Unicode blocks are not characters set, things like MES-1, MES-2, MES-3B are. Character sets are subsets of Unicode and very often have characters in more than one Unicode Block. The fact that uppercase and lowercase of the same letter can be in different blocks should make that obvious.
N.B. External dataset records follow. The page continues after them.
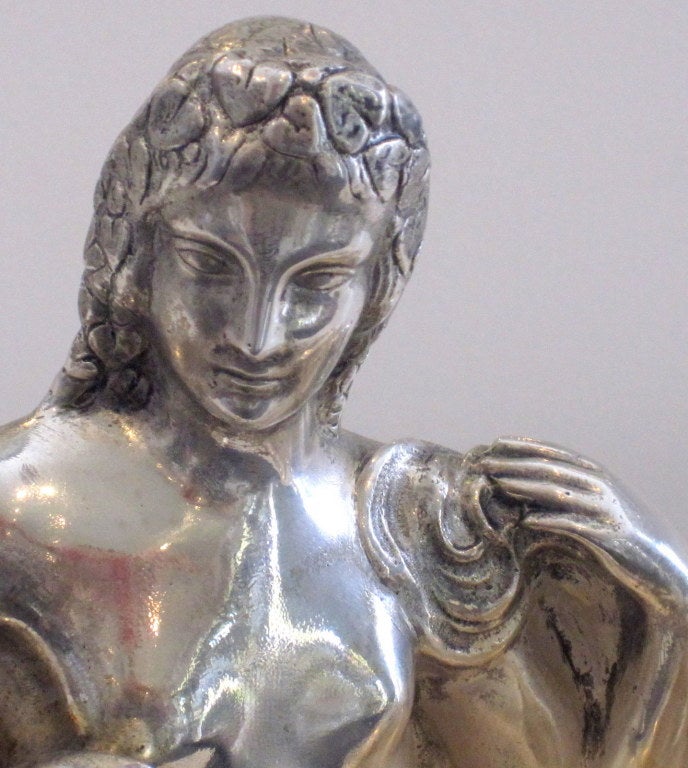 French Art Deco Bronze Sculpture signed G. Gillot For Sale 2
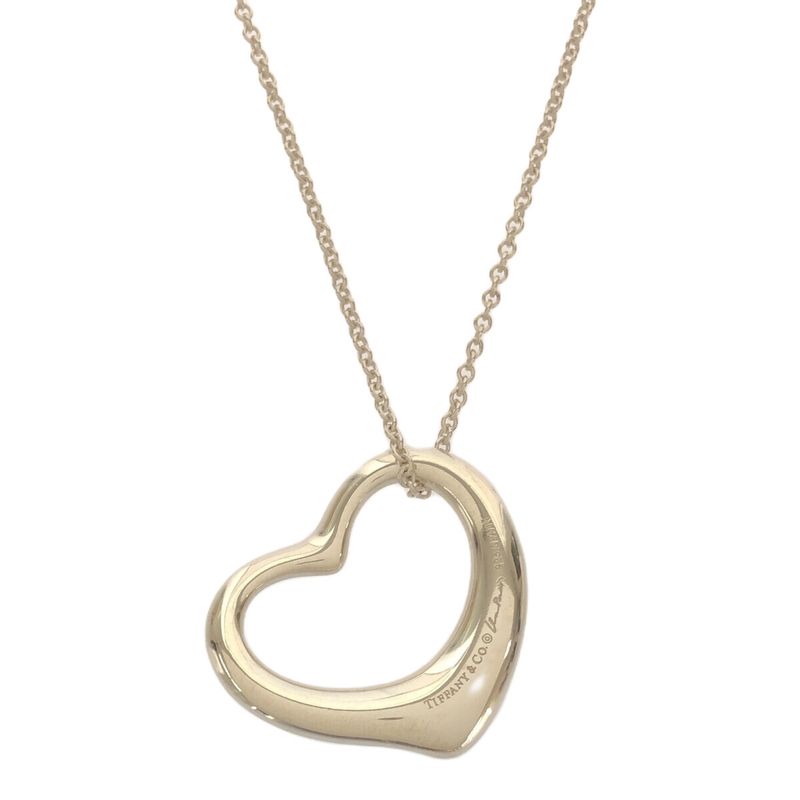 Tiffany & Co Tiffany & Co Open Heart Necklace Pendant Elsa Peretti Sv925 Silver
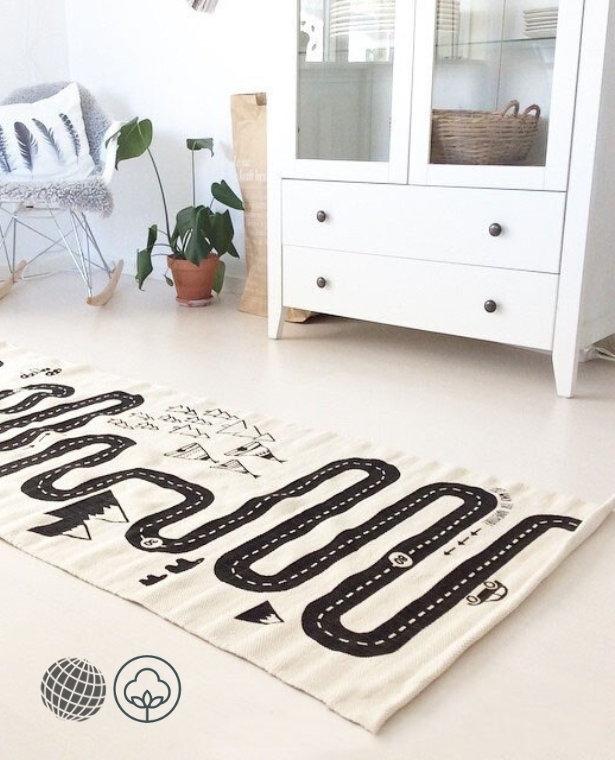 Canvas Road Map   Kids Boys Girls Nordic Style Fashion Forest Track Runway Play Game Mats Baby Kids Crawling Blankets Floor Carpet Children trending Home Decor Carpets Rugs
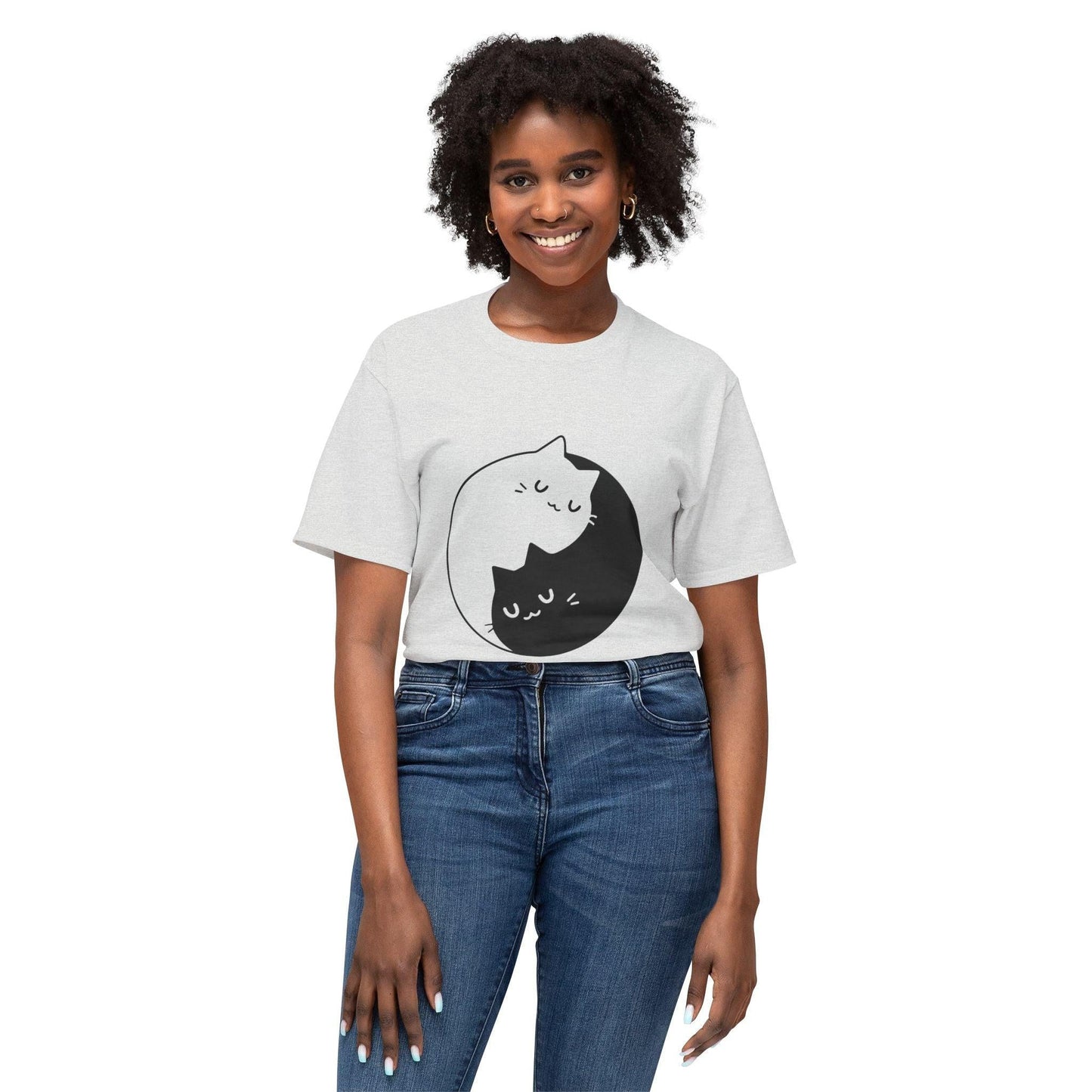 Cat Yin and Yang T-shirt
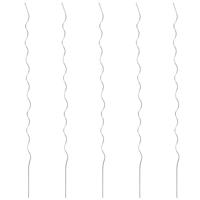 VidaXL Plantenstok spiraal 110 cm gegalvaniseerd staal 5 st - thumbnail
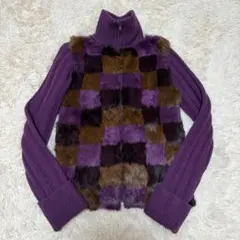 AS KNOW AS アズノウアズ ラビットファージャケット カーディガン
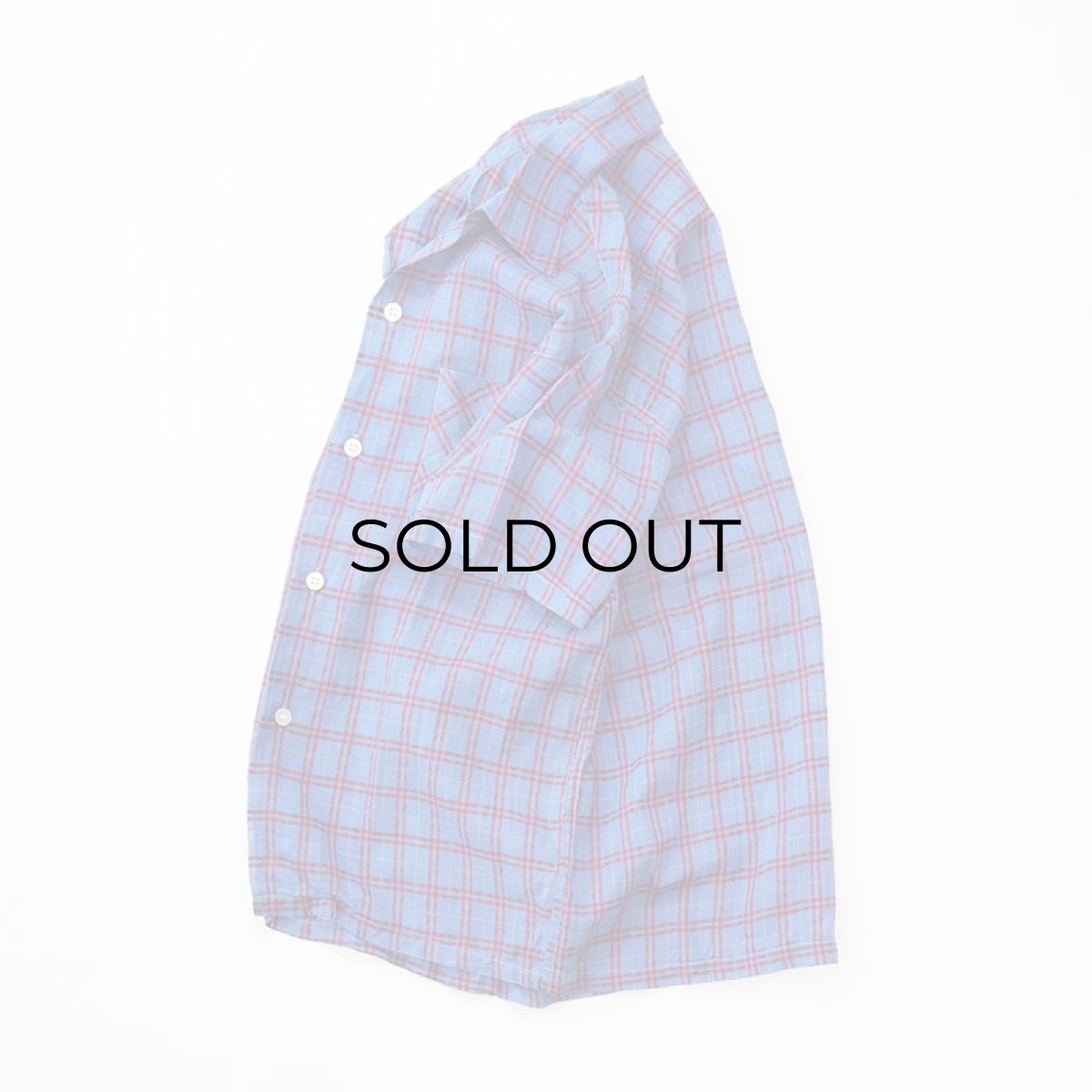 画像2: 50's TERRACE CLUB COTTON CHECK S/S BOX SHIRT (2)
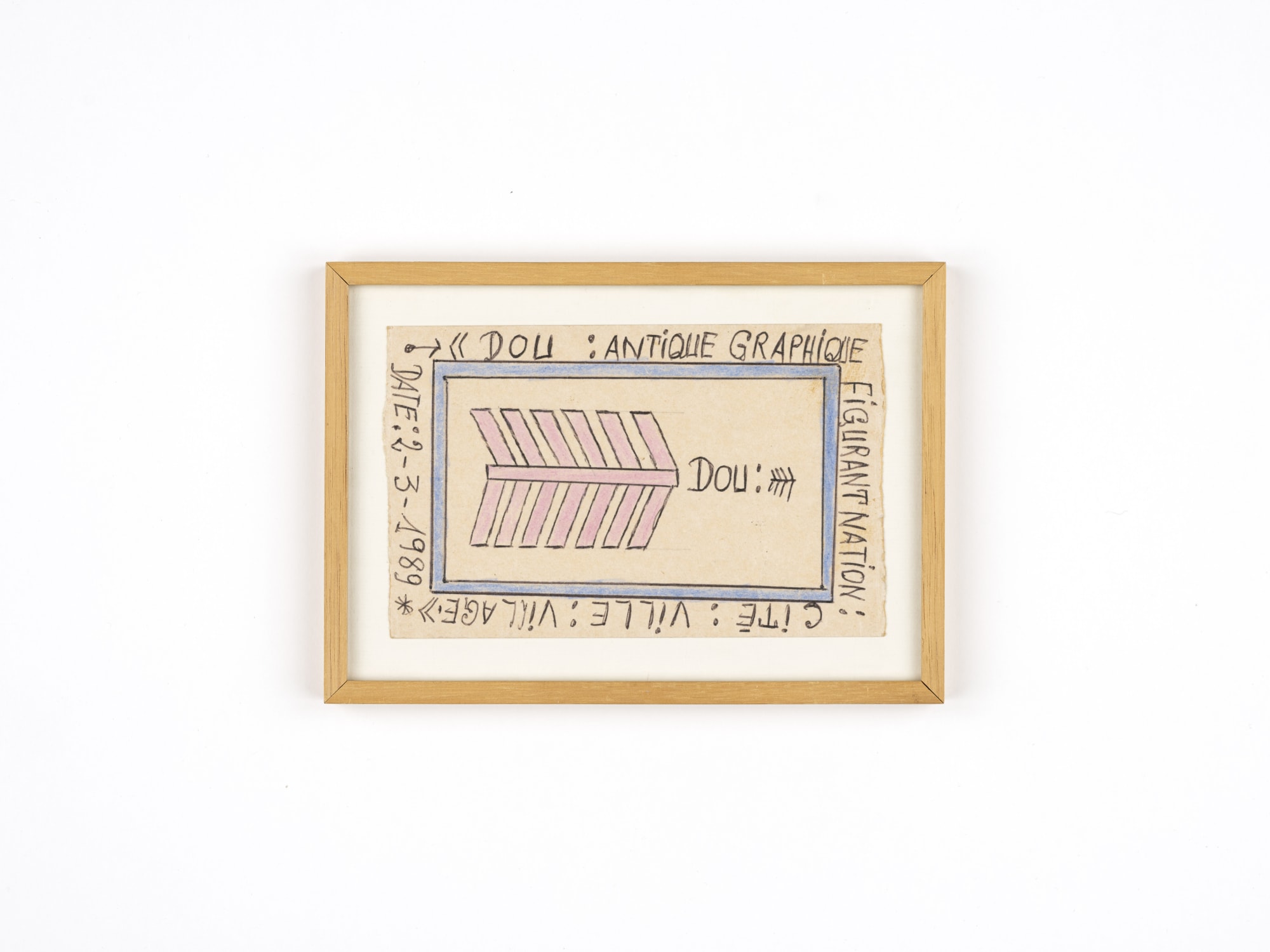 Frédéric Bruly Bouabré, DOU : Antique graphique figurant nation : Cité : ville : village, 1989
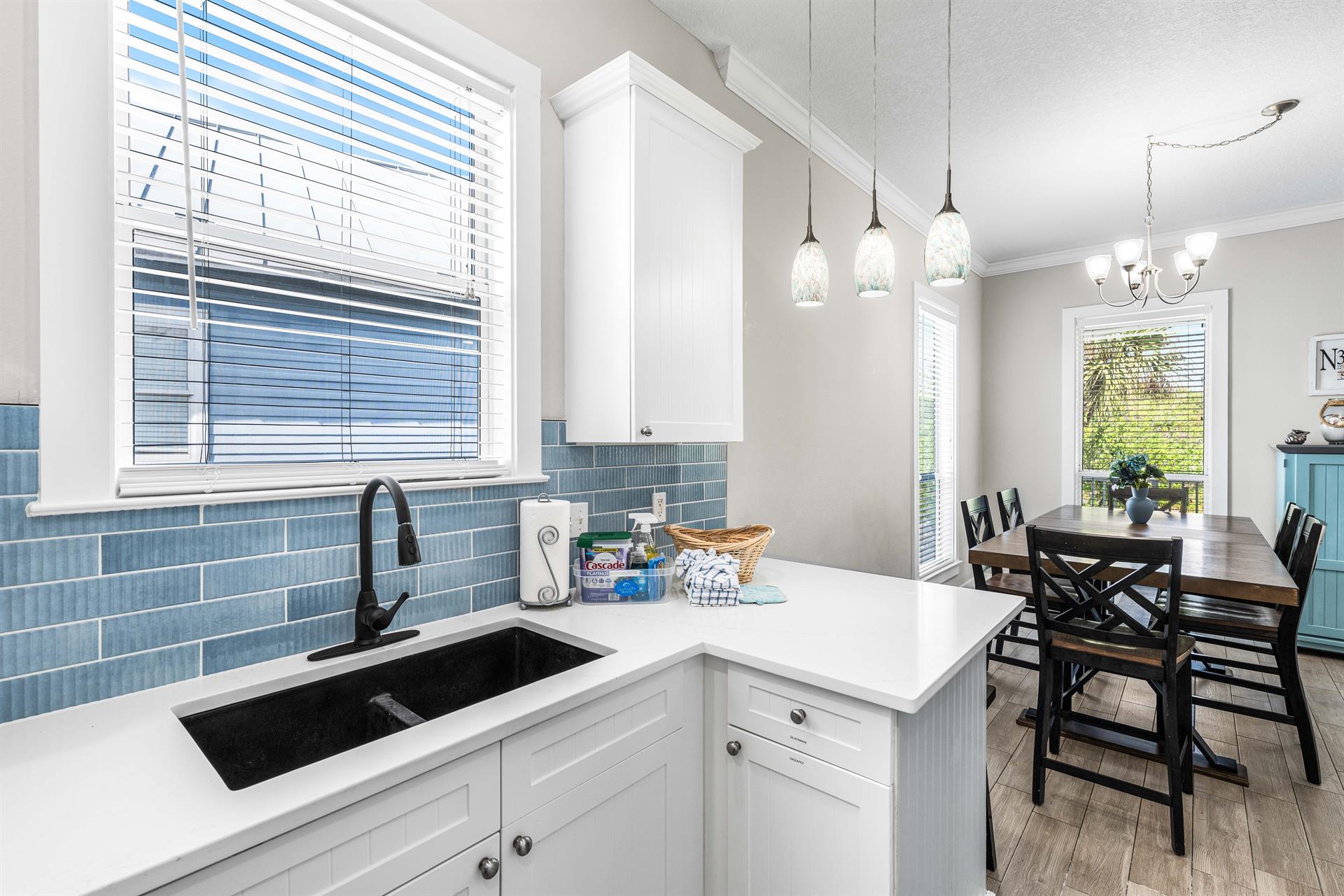 Newly remodeled kitchen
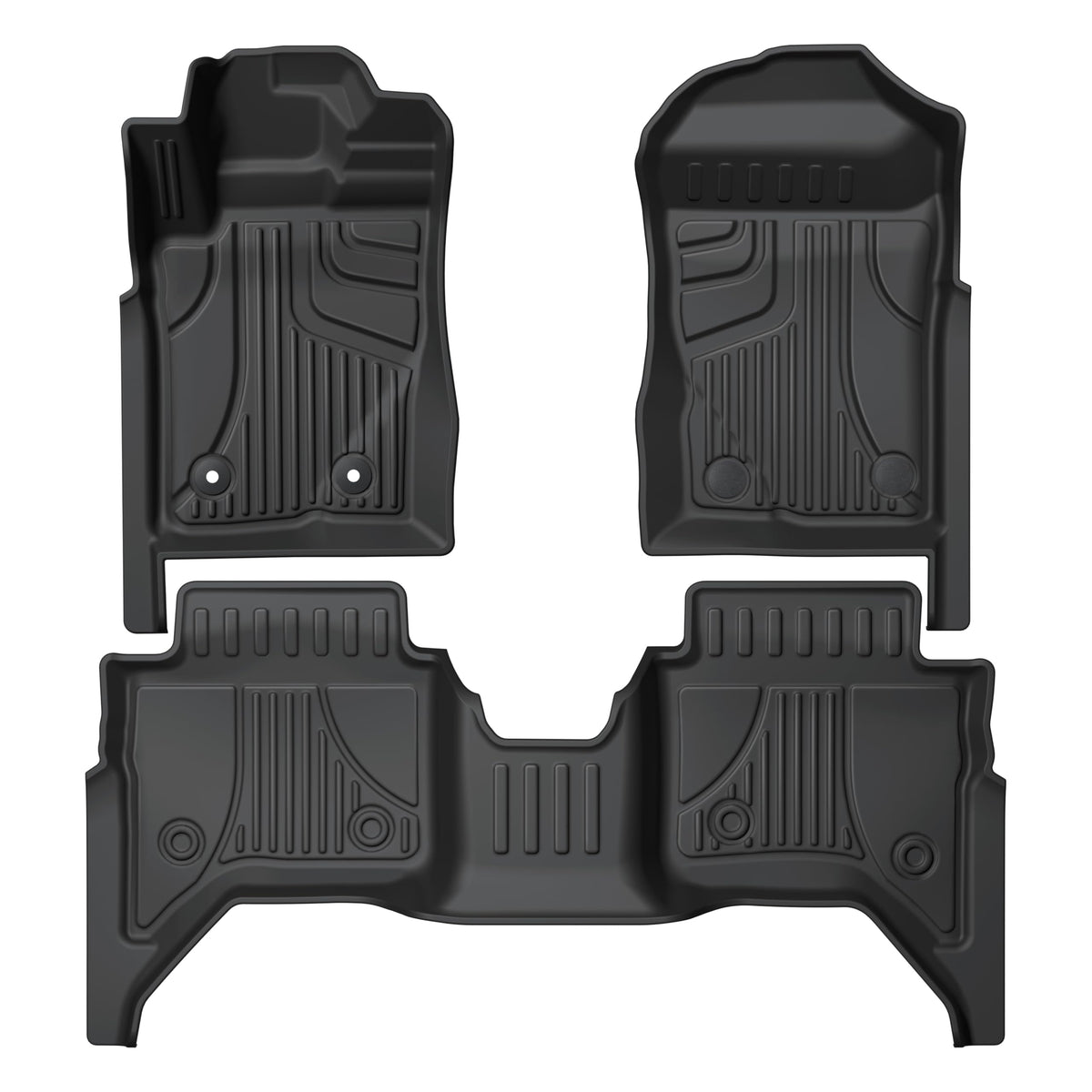 AOMSAZTO vehicle mat — all weather protection for Ford Ranger 2024-2026 SuperCrew Cab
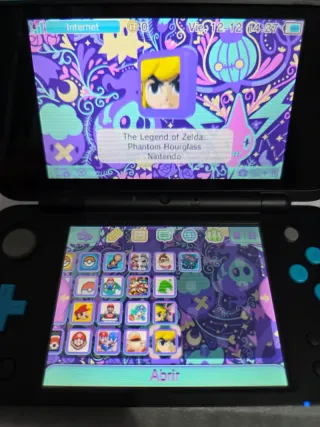 New Nintendo 2DS XL + 96 juegos instalados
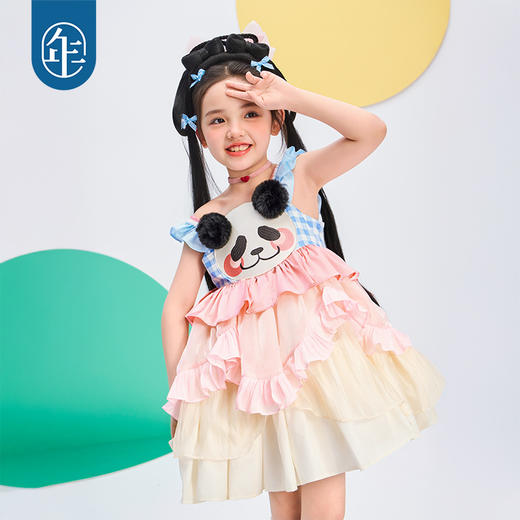 年衣童装连衣裙25夏季新款儿童甜美重工大裙摆甜心盼达公主裙 商品图3
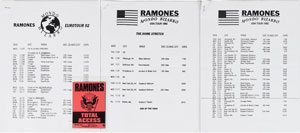 Lot #2522 CJ Ramone's 1992 Mondo Bizarro Tour Itineraries and Backstage Pass - Image 1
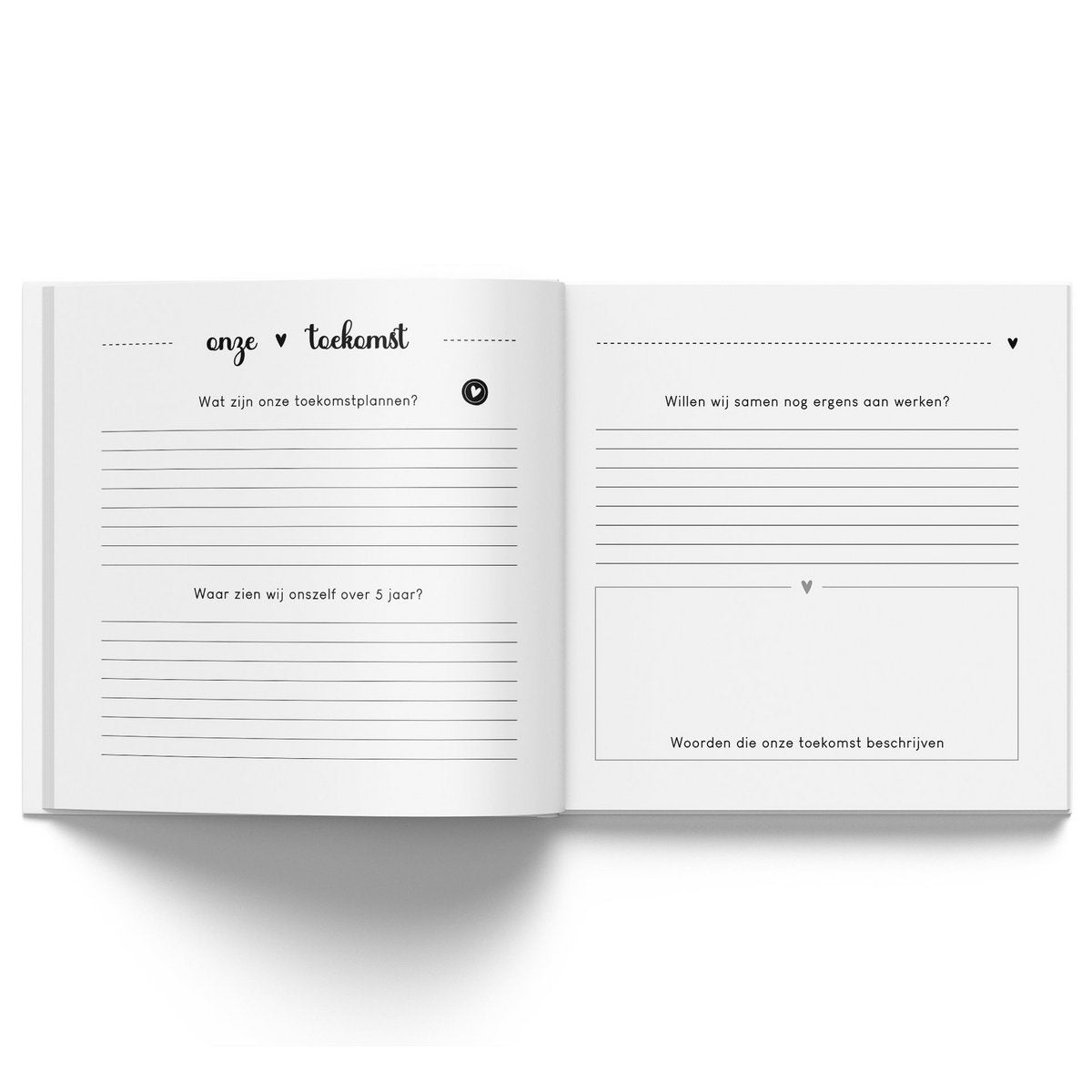 Liefdesboek voor koppels - Beige met Goudfolie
However, it is true that some characters sets have been encoded in Unicode as blocks.
I'm not arguing one shouldn't work by block, I'm just arguing it's not the most practical approach from a language coverage point of view.

Paul,
Yes, most non-composite characters are in the IPA block (27), and diacritics in the Combining diacriticals block (16).
But you can find in the Latin Extended-C block:
U+2C64 LATIN CAPITAL LETTER R WITH TAIL used in Sudan
U+2C6D LATIN CAPITAL LETTER ALPHA used in Cameroon
U+2C72 LATIN CAPITAL LETTER W WITH HOOK and U+2C73 LATIN SMALL LETTER W WITH HOOK used in Burkina Faso

in the Latin Extended-D block:
U+A789 MODIFIER LETTER COLON used in Congo-Kinshasa, Kenya and Côte d’Ivoire
U+A78A MODIFIER LETTER SHORT EQUALS SIGN used in Congo-Kinshasa
U+A78D LATIN CAPITAL LETTER TURNED H used in Liberia

In the Combining Diacritical Marks Supplement block:
U+1DC6 COMBINING MACRON-GRAVE and U+1DC7 COMBINING ACUTE-MACRON used in Nigeria

In the Spacing Modifier Letters block:
U+02D7 MODIFIER LETTER MINUS SIGN and U+02EE MODIFIER LETTER DOUBLE APOSTROPHE used in Côte d’Ivoire

In Latin Extended Additional block:
The 60 precomposed characters used in Nigeria, South Africa and others.